Network Time Protocol

Controlling Time

When the first computers where linked together to form the first computer network it became apparent that a system of synchronising the time was necessary to enable it to function properly.

Network Time Protocol was developed by Professor David Mills and his colleagues of Delaware University in the early 1980’s, it wasn’t the first time synchronisation protocol, nor was it the last, but it has become the most widespread and most used time synchronisation software around.

NTP commonly relies on a single time source as a reference. This reference time is checked against devices on the network, which if found to be inaccurate are then corrected.

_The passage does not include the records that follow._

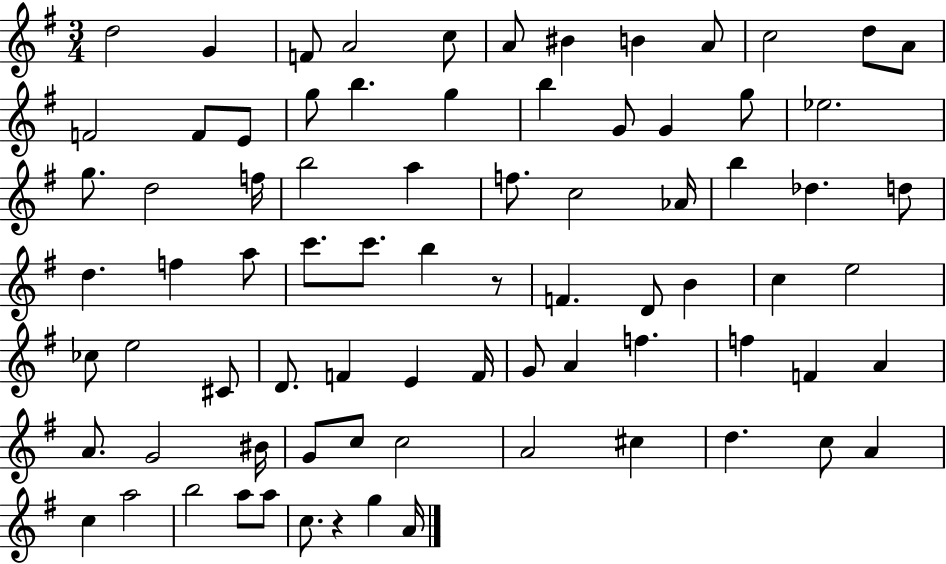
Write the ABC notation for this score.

X:1
T:Untitled
M:3/4
L:1/4
K:G
d2 G F/2 A2 c/2 A/2 ^B B A/2 c2 d/2 A/2 F2 F/2 E/2 g/2 b g b G/2 G g/2 _e2 g/2 d2 f/4 b2 a f/2 c2 _A/4 b _d d/2 d f a/2 c'/2 c'/2 b z/2 F D/2 B c e2 _c/2 e2 ^C/2 D/2 F E F/4 G/2 A f f F A A/2 G2 ^B/4 G/2 c/2 c2 A2 ^c d c/2 A c a2 b2 a/2 a/2 c/2 z g A/4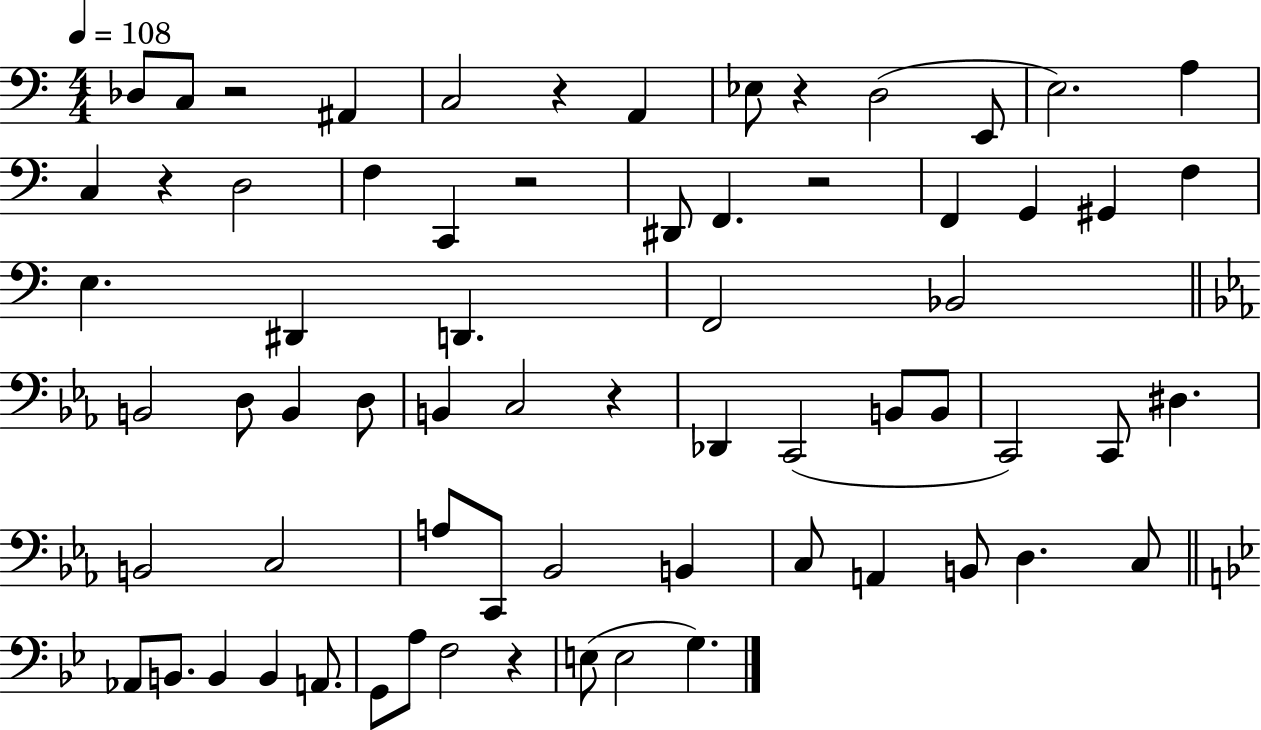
Db3/e C3/e R/h A#2/q C3/h R/q A2/q Eb3/e R/q D3/h E2/e E3/h. A3/q C3/q R/q D3/h F3/q C2/q R/h D#2/e F2/q. R/h F2/q G2/q G#2/q F3/q E3/q. D#2/q D2/q. F2/h Bb2/h B2/h D3/e B2/q D3/e B2/q C3/h R/q Db2/q C2/h B2/e B2/e C2/h C2/e D#3/q. B2/h C3/h A3/e C2/e Bb2/h B2/q C3/e A2/q B2/e D3/q. C3/e Ab2/e B2/e. B2/q B2/q A2/e. G2/e A3/e F3/h R/q E3/e E3/h G3/q.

But NTP handles time differently to the way people do. Rather than dividing time into hours, minutes and seconds, NTP, like other computer protocols, uses a single 32 (or 64 depending on the version) digit number that represents the number of seconds that have passed since a set point in time. This reference point is known as the prime epoch and for NTP is set at 01 January 1900.

NTP is also based around an algorithm (Marzullo’s algorithm) which makes can make a best estimate of time from a number of inaccurate or noisy time sources.
Whilst NTP can utilise any source of time as a reference, its main purpose is to synchronise computer networks to the atomic clock controlled UTC (Coordinated Universal Time). For this purpose, it structures the network in a hierarchical basis. The closer a device is to the original source of time the lower the strata: An atomic clock is a stratum 0 device, whilst a time server that receives the time from an atomic clock is a stratum 1 device, and a computer synchronised to the time server is a stratum 2 device and so on. NTP can typically handle up to 16 strata but typically it’s rare for a network to have more than four or five.

NTP is also a highly secure protocol. It has its own authentication process which can establish the reality of time sources and it also has an inbuilt distrust that enables it to dismiss time sources until it becomes certain of their origin and accuracy.

NTP is widely distributed and is installed as standard in most operating systems up to an including Microsoft’s Windows 7. And while there are numerous sources of UTC time available on the internet these are stratum 2 time sources and are neither guaranteed in their accuracy nor can they be authenticated by NTP
*Using sources of internet time is also reliant on packet transfer through a network firewall which can lead to other security risks.

Many computer networks rely on NTP time servers. These are dedicated devices that receive a secure time source, most commonly from the GPS (Global Positioning System) externally to the network which is used to synchronise all devices on the NTP network.